What qualifies a business for IR35 small company exemption?
A business qualifies as small if it meets at least two of the following criteria:
Annual turnover not exceeding £10.2m.
Balance sheet total not more than £5.1m.
An average of no more than 50 employees during the financial year.
If a business qualifies for the small companies exemption, it does not need to determine the IR35 status of its contractors. This responsibility falls on the contractors themselves, as was the case before the Off Payroll rules were introduced.

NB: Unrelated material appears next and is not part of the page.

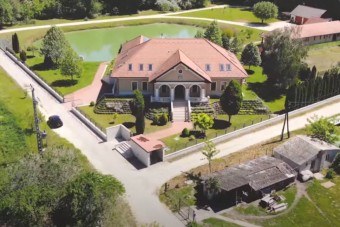 Ilyen belülről egy 830 milliós magánbirtok Budapesthez közel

Challenges of small company IR35 classification
Despite these exemptions, smaller consultancies have faced challenges following the introduction of the Private Sector changes. Such organisations, with typically 2-3 directors and a few employees, are being classified as an ‘in-scope PSC’ for IR35 purposes. We have observed smaller companies, which are clearly established businesses with their own premises and serving multiple clients simultaneously, being categorised as Inside IR35. This is particularly common when dealing with Public Sector clients, leading to a significant dilemma.
These smaller businesses, in need of stable revenue during turbulent times, are compelled to accept longer-term contracts but suffer a reduced market rate due to the tax deductions applied.
How are small companies mitigating IR35 impact?
We have assisted 'savvier' small businesses in assessing their engagement with off-payroll workers, ensuring all parties are aligned on tax status. Though legally not required to assess their off-payroll workers, these proactive businesses are future-proofing their operations and promoting best practices for several reasons. This foresight will give them an advantage by maintaining a firm grasp on the tax status of their contractors.
It is crucial to plan ahead, considering the possibility that:
The IR35 legislation's assessment requirements may be extended to small businesses.
Growth of a small business might lead to a necessity for such assessments. The small company's exemption ceases if it meets two of the three criteria outlined above for two consecutive financial years.
Challenges in acquisitions due to uncertain tax statuses of off-payroll workers. A small business may become medium - large overnight after an acquisition.
In conclusion, while it may seem that small businesses are less affected by IR35, this is not always the case. Forward-thinking and understanding the significance of taking proactive steps is essential for all businesses navigating the complexities of IR35 legislation.